━━━ Dataset records
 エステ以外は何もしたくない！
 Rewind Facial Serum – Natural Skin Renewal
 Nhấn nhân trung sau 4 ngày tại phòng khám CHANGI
━━━━━━
━━━ Dataset records
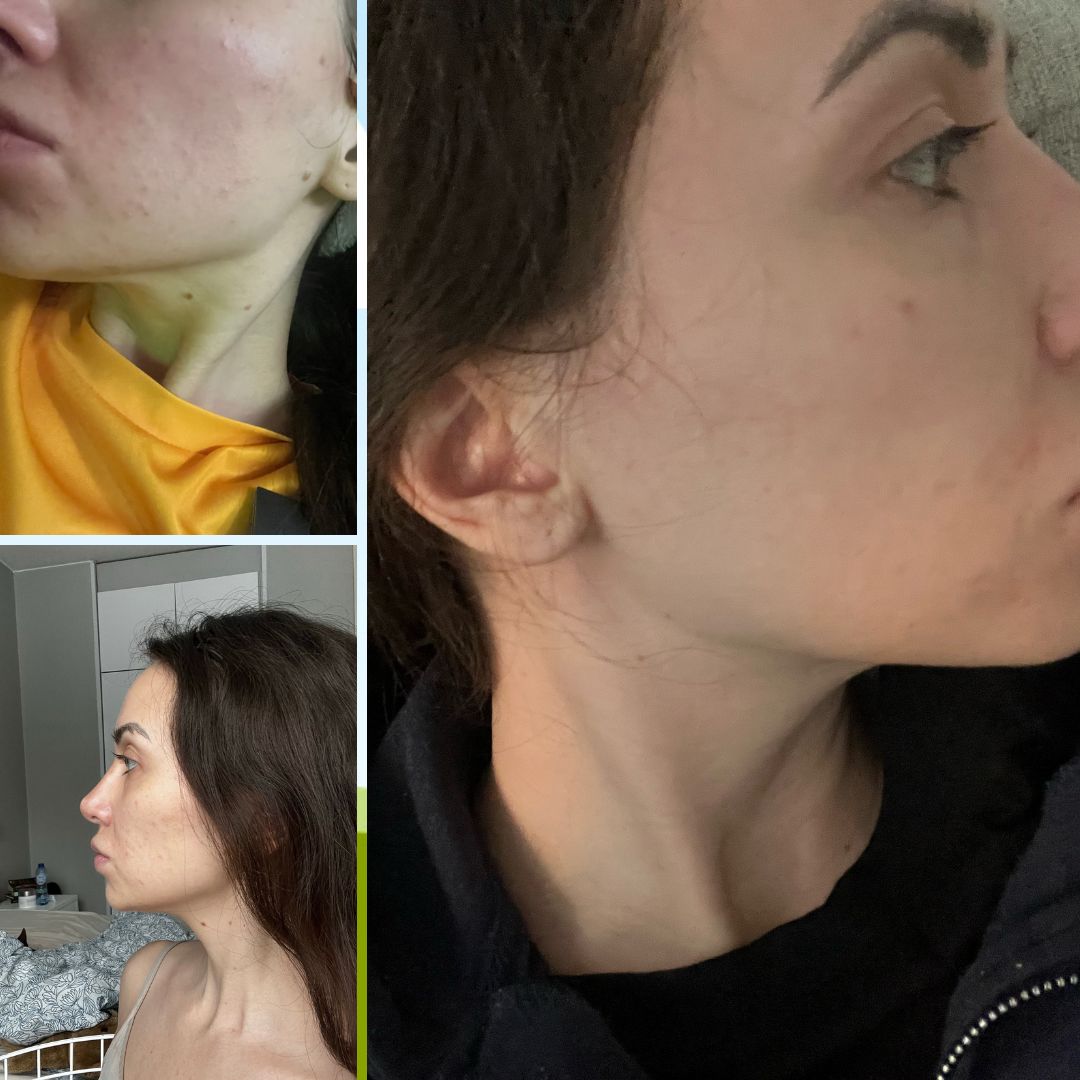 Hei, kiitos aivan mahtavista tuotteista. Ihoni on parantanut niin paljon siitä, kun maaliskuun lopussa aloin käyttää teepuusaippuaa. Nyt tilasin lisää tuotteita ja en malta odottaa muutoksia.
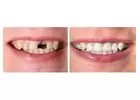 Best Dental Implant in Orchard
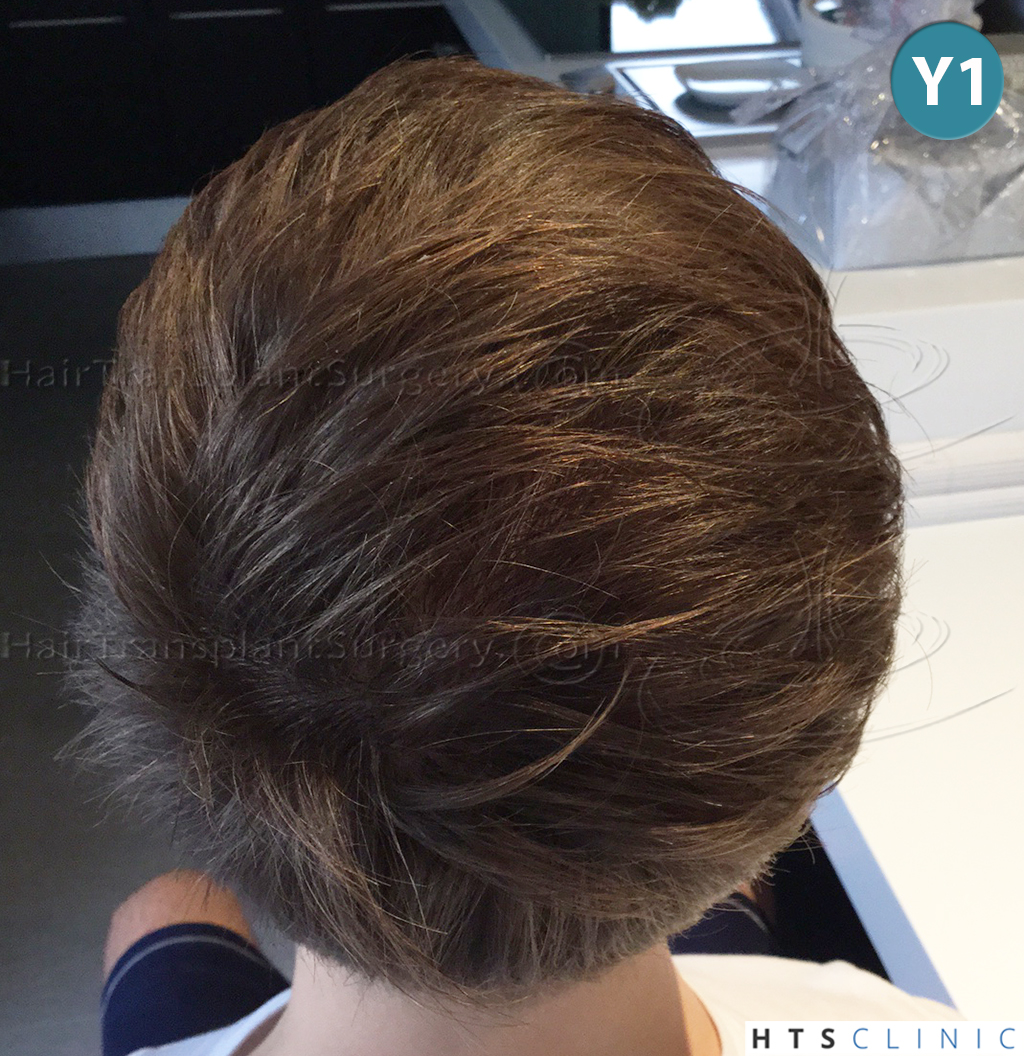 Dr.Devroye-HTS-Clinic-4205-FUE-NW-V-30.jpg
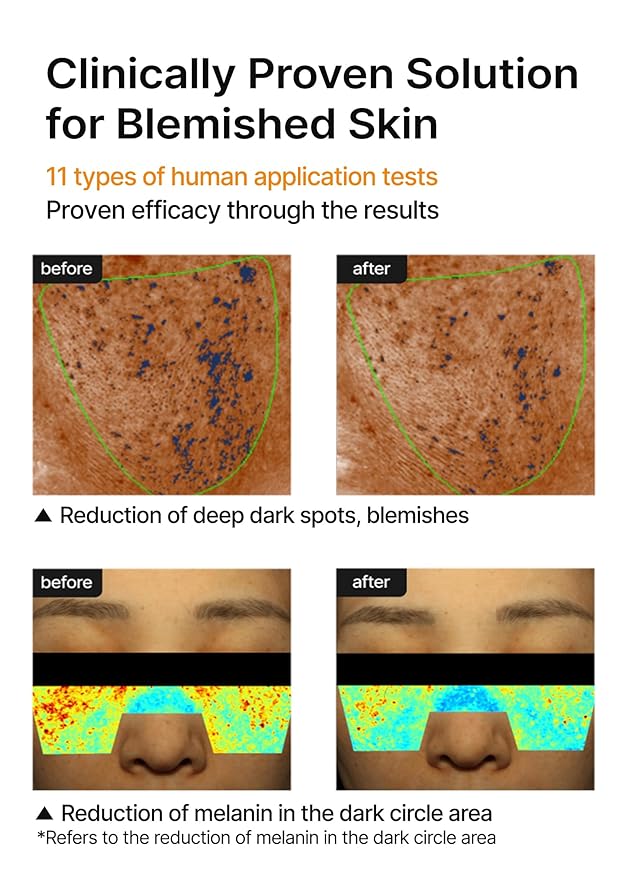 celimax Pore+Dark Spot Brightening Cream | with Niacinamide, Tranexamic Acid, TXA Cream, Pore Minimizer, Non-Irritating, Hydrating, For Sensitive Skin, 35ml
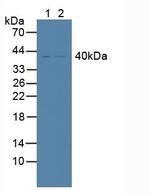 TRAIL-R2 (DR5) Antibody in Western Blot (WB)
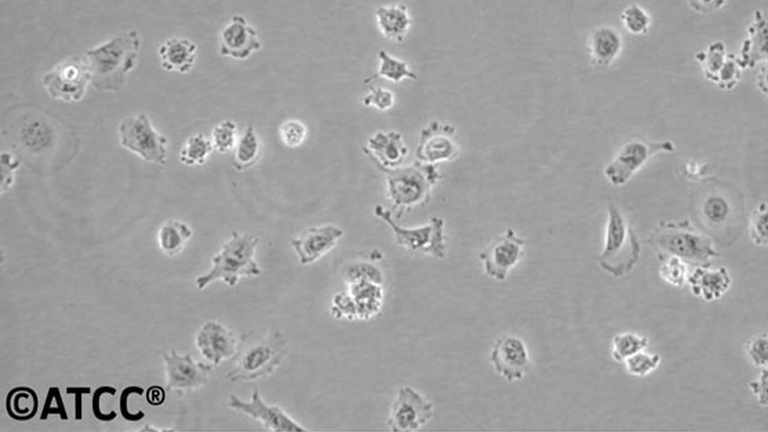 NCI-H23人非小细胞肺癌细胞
━━━━━━
Required action: Everything from the line with "Best Dental Implant in Orchard" through the line with "NCI-H23人非小细胞肺癌细胞" in the material above should be transcribed exactly, except the pictures.

Solution below:
 Best Dental Implant in Orchard
 Dr.Devroye-HTS-Clinic-4205-FUE-NW-V-30.jpg
 celimax Pore+Dark Spot Brightening Cream | with Niacinamide, Tranexamic Acid, TXA Cream, Pore Minimizer, Non-Irritating, Hydrating, For Sensitive Skin, 35ml
 TRAIL-R2 (DR5) Antibody in Western Blot (WB)
 NCI-H23人非小细胞肺癌细胞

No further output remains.